## Activity:
Output the data below only from the line containing "d180923-112020-700-100-wiesn_trachtenumzug" up to and including the line containing "Hawa Mahal, Jaipur, Rajasthan", exact and with the pictures left out.
[Material for the task]
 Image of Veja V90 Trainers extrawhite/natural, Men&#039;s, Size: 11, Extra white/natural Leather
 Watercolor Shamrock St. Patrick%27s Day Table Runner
[/Material for the task]
[Material for the task]
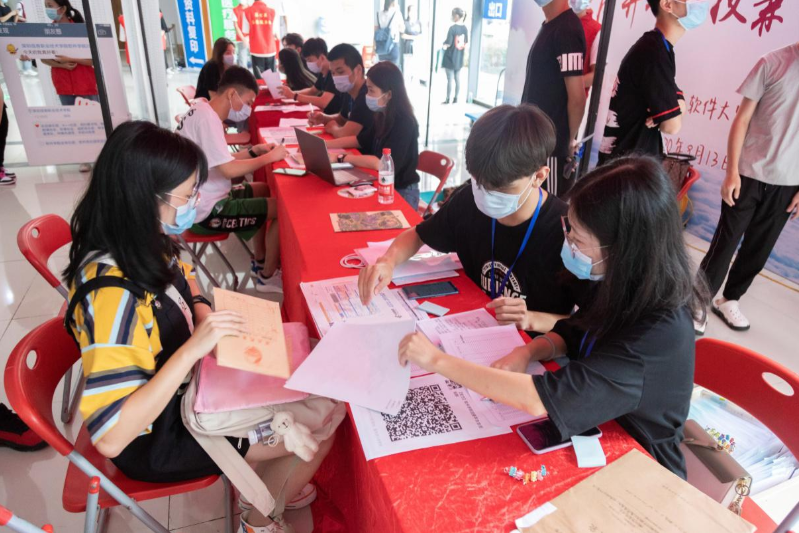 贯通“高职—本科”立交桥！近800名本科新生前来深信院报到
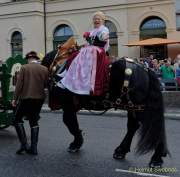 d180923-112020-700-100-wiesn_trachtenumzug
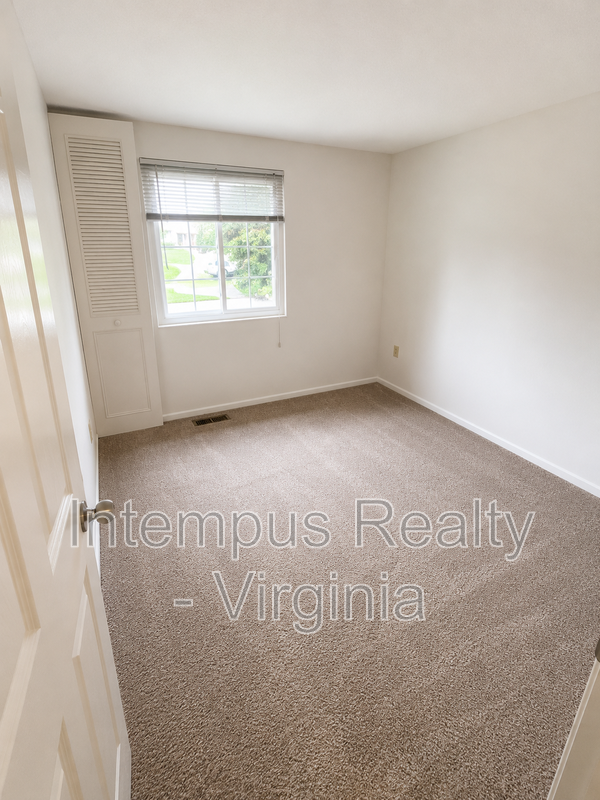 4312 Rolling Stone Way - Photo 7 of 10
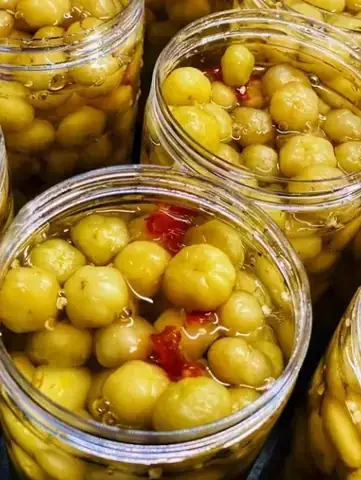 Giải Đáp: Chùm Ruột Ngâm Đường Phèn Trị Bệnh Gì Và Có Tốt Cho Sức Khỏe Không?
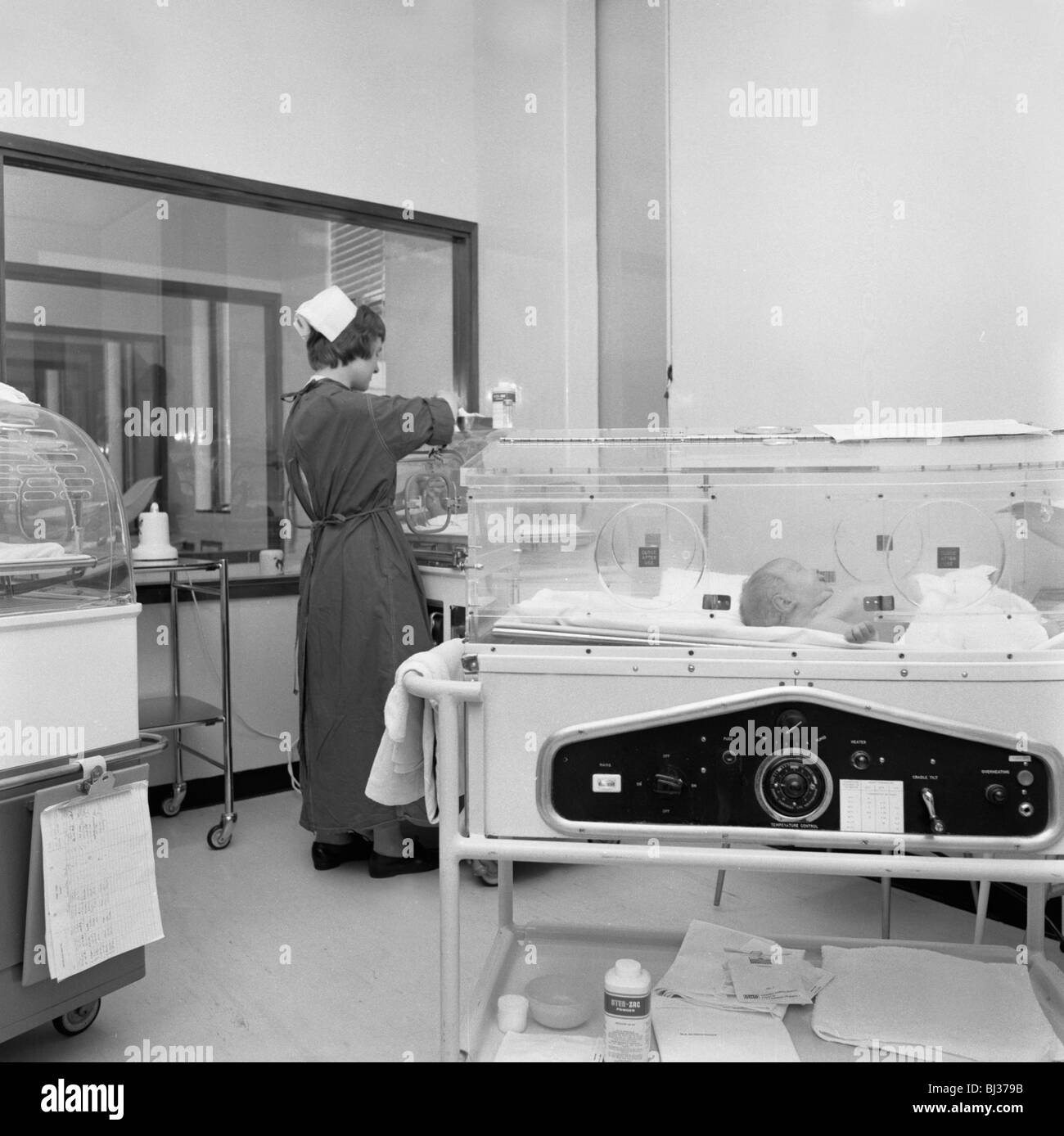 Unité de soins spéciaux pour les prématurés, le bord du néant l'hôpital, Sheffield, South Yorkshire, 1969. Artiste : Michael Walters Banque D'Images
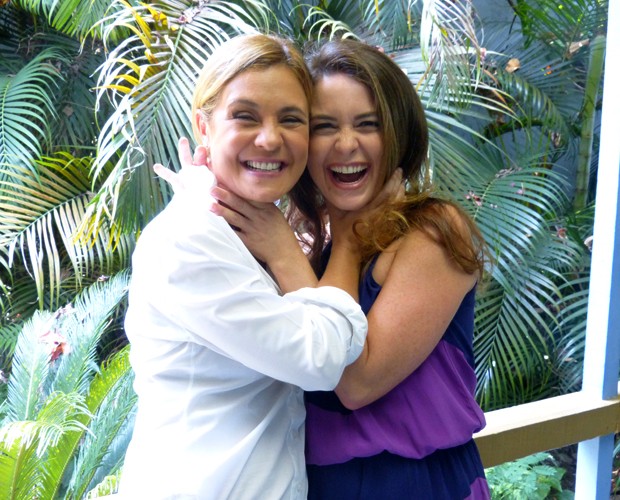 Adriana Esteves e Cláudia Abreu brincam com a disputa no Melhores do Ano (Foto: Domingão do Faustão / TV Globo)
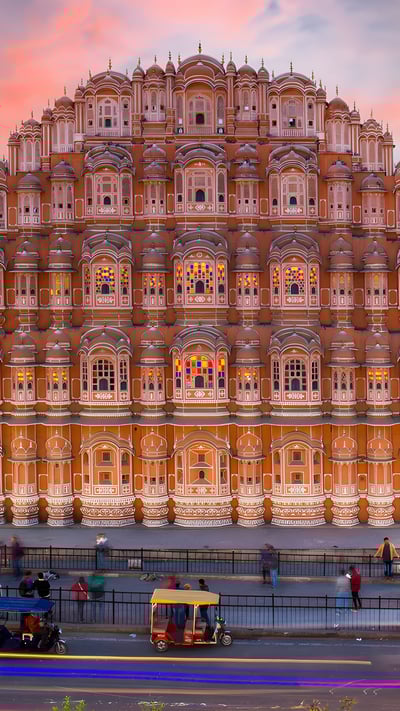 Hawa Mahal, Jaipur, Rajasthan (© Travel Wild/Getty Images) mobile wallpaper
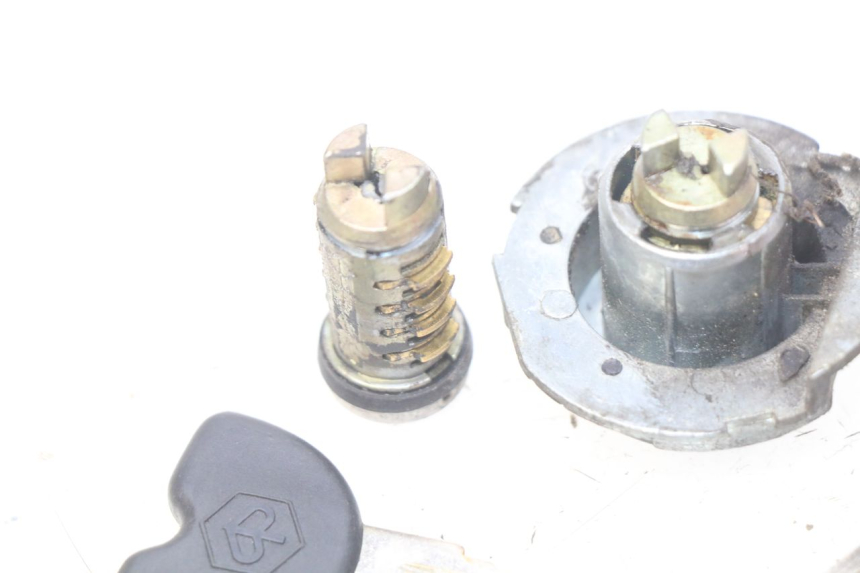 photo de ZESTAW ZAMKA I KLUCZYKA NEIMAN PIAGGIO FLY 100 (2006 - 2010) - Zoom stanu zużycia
[/Material for the task]
## Answer below:
 d180923-112020-700-100-wiesn_trachtenumzug
 4312 Rolling Stone Way - Photo 7 of 10
 Giải Đáp: Chùm Ruột Ngâm Đường Phèn Trị Bệnh Gì Và Có Tốt Cho Sức Khỏe Không?
 Unité de soins spéciaux pour les prématurés, le bord du néant l'hôpital, Sheffield, South Yorkshire, 1969. Artiste : Michael Walters Banque D'Images
 Adriana Esteves e Cláudia Abreu brincam com a disputa no Melhores do Ano (Foto: Domingão do Faustão / TV Globo)
 Hawa Mahal, Jaipur, Rajasthan (© Travel Wild/Getty Images) mobile wallpaper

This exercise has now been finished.